For any $\epsilon>0$, we need to show there is an $N$ such that for all $n\geq N$ implies $d(g_n,g)<\epsilon$.
As we know as $n\to\infty$, $\frac{x}{n}\to0$ and $\cos(\frac{x}{n})\to1$. And the convergence is independent of the $x$, as long as $x\in[0,1]$.
1. What got me stuck is the explicit value of $N$. I am not sure how to find an explicit value of $N$ for each $\epsilon$.
2. After we have shown that $g_n(x)=\cos\left(\frac{x}{n}\right)$ converges uniformly, can we just say that $b\cos\left(\frac{x}{n}\right)$ will still converge regardless of the value of $b$?

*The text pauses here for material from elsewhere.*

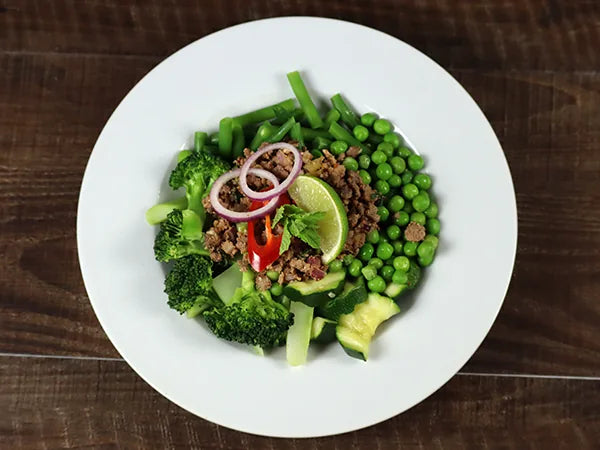 Rinds-Larb auf grünem Gemüsebeet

3. So is it correct that the solution to the original question is for all value of $b\in\mathbb{R}$, $f_n$ converges uniformly?

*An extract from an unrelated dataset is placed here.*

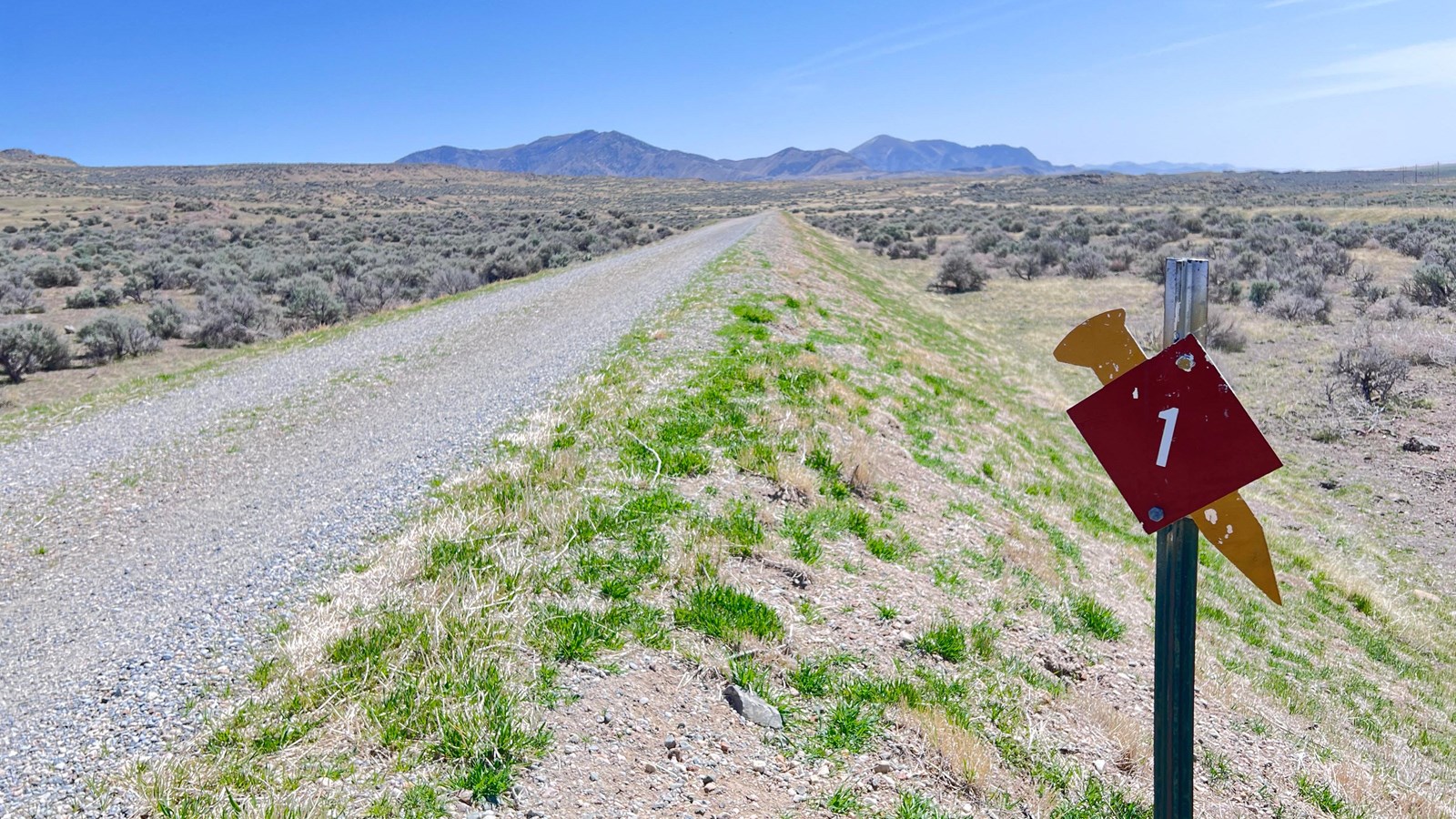 Gravel road, low mountain in distance, diamond brown shape and golden spike marker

Helps are greatly appreciated! Thank you.
For the first question, note that $ \cos(x)$ is positive and decreasing for $x \in[0, \frac{\pi}{2}]$.
So $f_n(x)$ is also positive and decreasing on $[0,1]$, thus we have $$d(1,f_n) = \sup_{x \in[0,1]} 1 - \cos \left( \frac{x}{n} \right) = 1 - \cos \left( \frac{1}{n} \right)$$ So you are left to show that $\cos \left( \frac{1}{n} \right) \to 1$ as $n \to \infty$, which follows from the continuity of $\cos(x)$ in $0$.
Then if you multiply with $b$, the same trick holds for positive $b$, and for negative $b$ you must be careful with the sign, but the trick still holds.
So yes, $f_n$ converges uniform for every $b \in \mathbb{R}$.